The mature mind knows that it is evolving and that growth and development are satisfying and pleasurable in and of themselves.
Maturity implies that one has learned how to be comfortable with uncertainty and has included it as a legitimate ingredient. Uncertainty leads to discovery whereas skepticism is stultifying.
You may notice a problem… It’s just a perceptual one.
Read the last 2 sentences of what Hawkins wrote again. What do you notice?
Uncertainty is seen as ‘weak’ in sports leadership when in reality, it’s a strength.
Brandon is as In-Powered as they come. Uncertainty is strength in the light of truth.
Uncertainty and humility lead to something you’ll want to be called even less than ‘weak’ by our industry. But this is also valuable and powerful regardless if the ‘many’ don’t see it that way…
It is more valuable to be ‘divinely stupid’ than to have strong opinions that are also strongly held.
The In-Powered Coach lives in divine stupidity.
Check this video out on YouTube, (click the link to watch in Youtube, it’s just Hawkins talking at a conference, I promise)
Hawkins says, “The more lectures, you attend the dumber you will get.” Others say, “The more you learn the more you realize you don’t know anything at all.”
He continues by saying “ I have heard such and such is true, but now through my own inner work, I will arrive at my own conclusion.”
Things will work in some contexts and not work as well in other contexts.
To change Hawkins's words slightly to apply to coaching:
The more seasons you coach, the dumber you will get
With changing context, year over year with:
Players changing (graduating, transferring, incoming freshman)
Coaches changing(leaving, getting promoted/fired)
Roles changing (new players become ‘leaders’ which changes the dynamic)
Changing context means nothing is going to work exactly the same anyway. There is no copy and paste. Your team changes when anything changes. Your team changes after one speech, one shift, one game, one minute…
What am I getting at?
Nobody knows exactly how to play any of this… And if they think they do they don’t have enough humility to truly be one of the great leaders.
The only way to find out is through ‘being’ it and being in it.
It takes experiments to iterate and arrive at better and better truth each year.
If you want to see what an ‘uncertain’ but strong coach looks and sounds like. If you want to hear divine stupidity and deep levels of humility…

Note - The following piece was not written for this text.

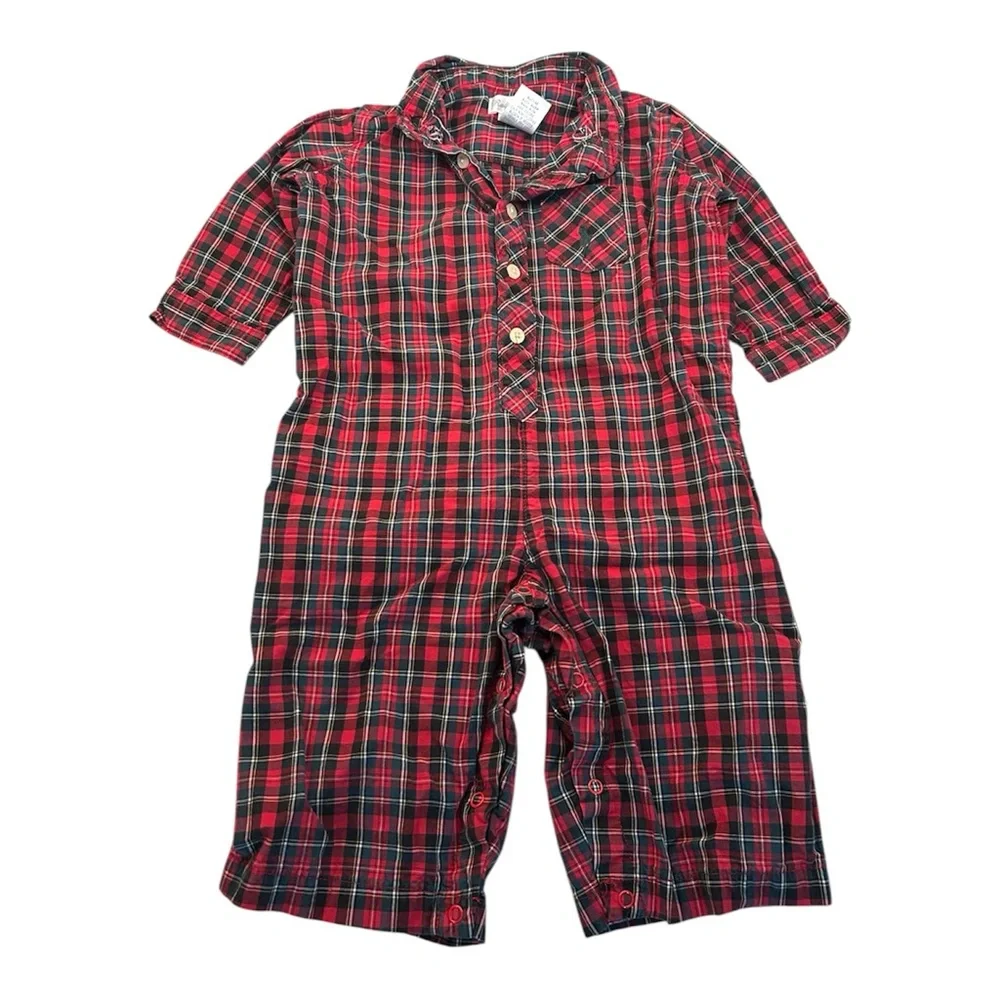 Ralph Lauren‎ Baby Red Plaid Jumpsuit Long Sleeve Size 9 Months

Listen to Brandon talk below. (He calibrates above 540 as a coach). He coaches In-Powered.
And just like he says, “We’re figuring it out.” With him, that phrase will always stay present tense. With humility, you never arrive at “We’ve figured it out.”
Always ‘figuring’ never ‘figured’.
I’d like to end with another passage from Hawkins's 5th book:
In reality, one cannot know at age twenty-five the information that is accrued by age fifty. Everyone thinks, "If I had only known that, I would have done it differently."
Thus, with humility can be seen that every given moment includes limitation. What we were is not what we are now. Mistakes are intrinsic to the learning process, which is the fate of the human condition itself. Because the mind's awareness is limited, it compensates by substituting presumptions (an educated guess) and therefore, operationally, choices and decisions are based on the seemingly best option, as stated by Socrates' dictum.